Они бездарны, как беда.

Зато уверенны всегда,

Несут бездарность, словно знамя.

У нас в идеях разнобой,

Они ж всегда верны одной —

Простой и ясной: править нами.


Булат Окуджава и Юрий Левитанский. Конец 1960-х годов{265}


С другой стороны, классическая просодия стала важнейшим объединяющим фактором для «тихих» поэтов шестидесятых — таких как Вадим Шефнер, Владимир Соколов, Новелла Матвеева, Юрий Левитанский, Юнна Мориц, Олег Чухонцев. «Тишина» отнюдь не означала неяркости: так, Левитанский (бывший, как и Слуцкий с Самойловым, фронтовиком) — один из самых «предметных» и технически разносторонних лириков своего времени.
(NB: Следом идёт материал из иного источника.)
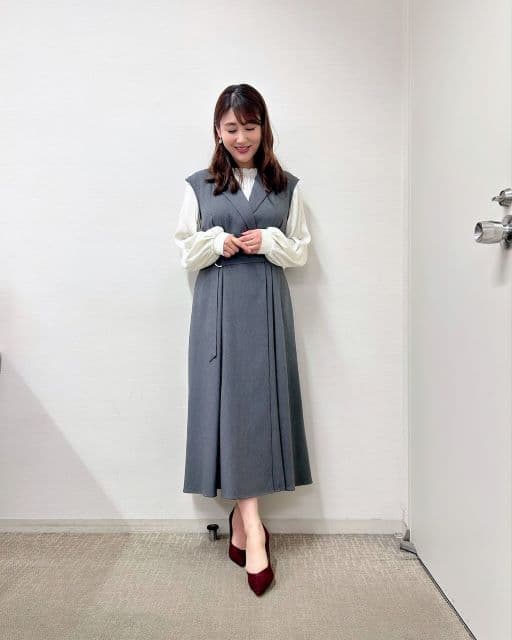 「金木犀の香りがしてきましたね」安めぐみ、番組で着用した衣装を公開しファンが癒される！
Черта его поэзии, которую он сам замечал, — кинематографичность; центральный сборник Левитанского «Кинематограф» (1970) начинается со стихотворения, где рефреном повторяется: «Жизнь моя, кинематограф, чёрно-белое кино!», но «киностихи» у Левитанского совсем не чёрно-белые — в книгу входят стихотворения-сценарии, стихотворения-раскадровки, буквально устроенные как мастер-классы для режиссёра — «Как показать осень», «Как показать весну»:

И тут мы вдруг увидим не одно,

а сотни раскрывающихся окон,

и женских лиц,

и оголённых рук,

вершащих на стекле прощальный круг.

И мы увидим город чистых стёкол.

Светлейший,

он высоких ждёт гостей.

<…>

И мы увидим —

ветви ещё наги,

но веточки,

в кувшин водружены,

стоят в окне,

как маленькие флаги

той дружеской высокой стороны.

И всё это —

как замерший перрон,

где караул построился для встречи,

и трубы уже вскинуты на плечи,

и вот сейчас,

вот-вот уже,

вот-вот.

Несмотря на жизнерадостность «Кинематографа», в нём читается и меланхолия — одно из сложно прорабатываемых чувств поэзии шестидесятников; в полную силу оно звучит уже в текстах времён застоя, как у того же Левитанского в стихотворении 1976 года:

Проторенье дороги, смиренье, благодаренье.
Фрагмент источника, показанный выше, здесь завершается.